[Provided information]
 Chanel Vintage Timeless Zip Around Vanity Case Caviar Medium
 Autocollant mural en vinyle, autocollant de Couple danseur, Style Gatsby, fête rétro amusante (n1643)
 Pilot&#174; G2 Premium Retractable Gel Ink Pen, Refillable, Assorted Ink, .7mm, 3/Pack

---

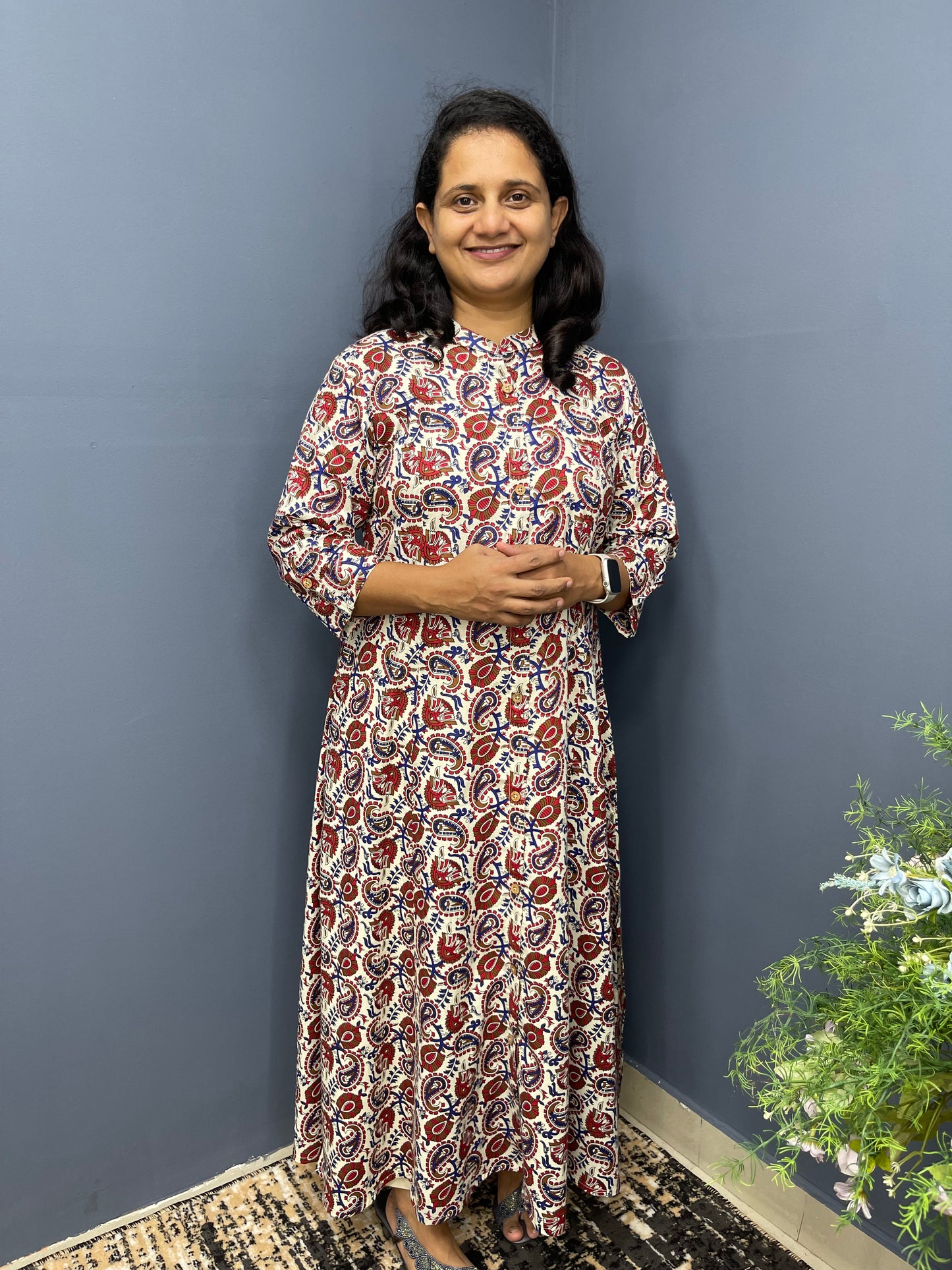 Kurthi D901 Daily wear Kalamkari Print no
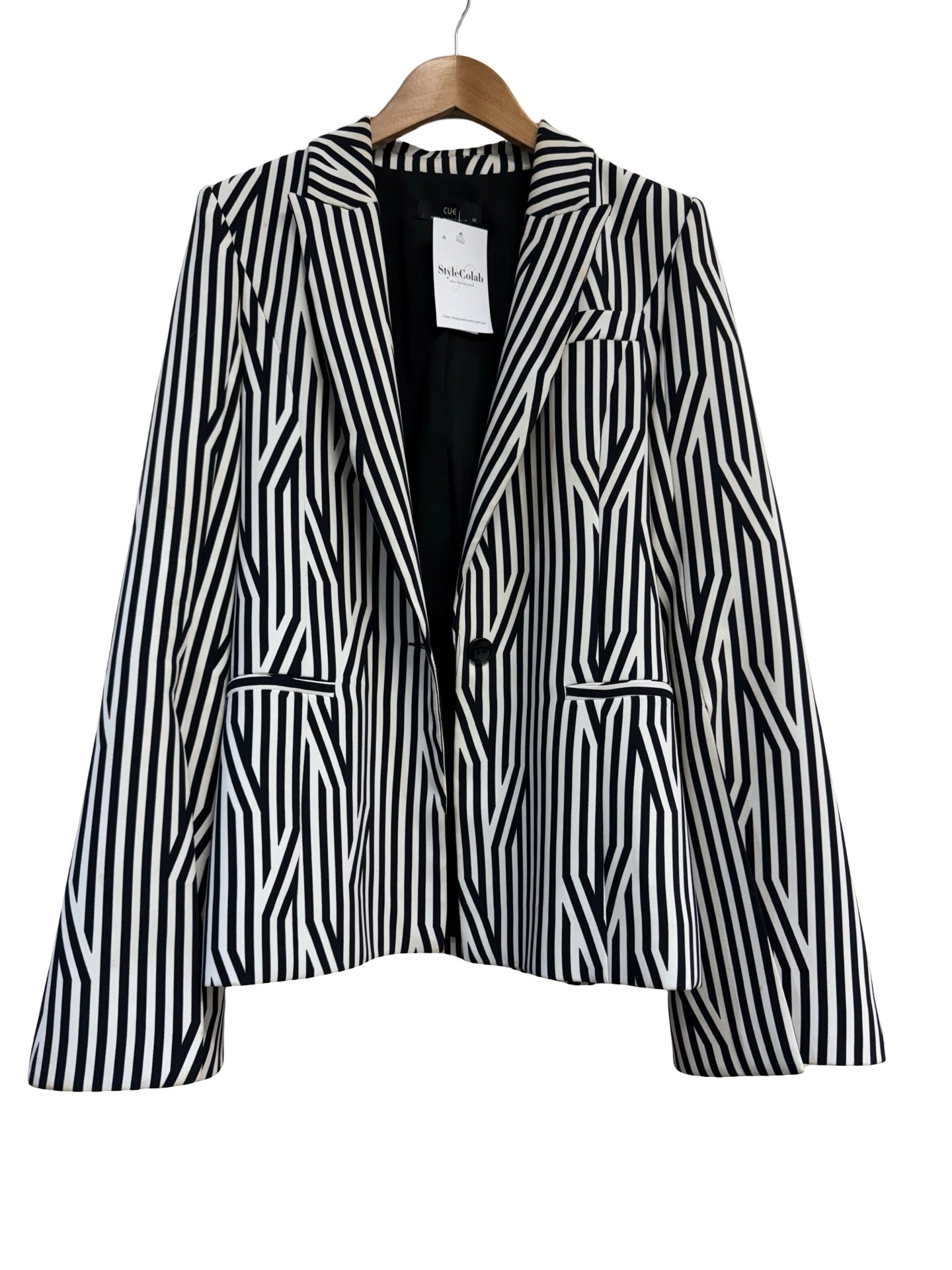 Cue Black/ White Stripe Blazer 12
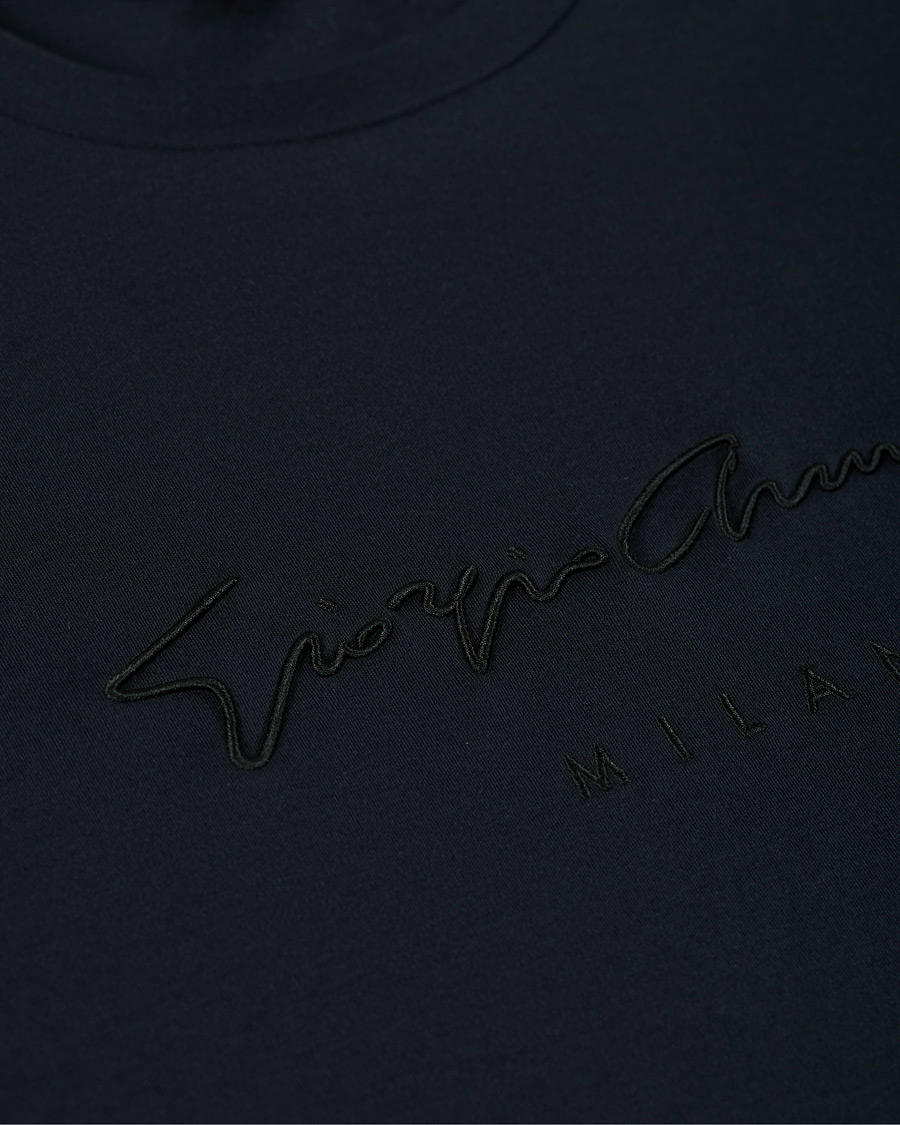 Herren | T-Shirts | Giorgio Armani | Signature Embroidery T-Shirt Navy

--

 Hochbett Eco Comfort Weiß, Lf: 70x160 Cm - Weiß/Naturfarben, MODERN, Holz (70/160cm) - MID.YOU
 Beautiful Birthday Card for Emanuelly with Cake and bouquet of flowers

[Required work]
Copy the lines above exactly, beginning at the line that has "Chanel Vintage Timeless" and stopping after the line that has "Pilot&#174; G2 Premium", and omit the rest.

[Result of the task]
 Chanel Vintage Timeless Zip Around Vanity Case Caviar Medium
 Autocollant mural en vinyle, autocollant de Couple danseur, Style Gatsby, fête rétro amusante (n1643)
 Pilot&#174; G2 Premium Retractable Gel Ink Pen, Refillable, Assorted Ink, .7mm, 3/Pack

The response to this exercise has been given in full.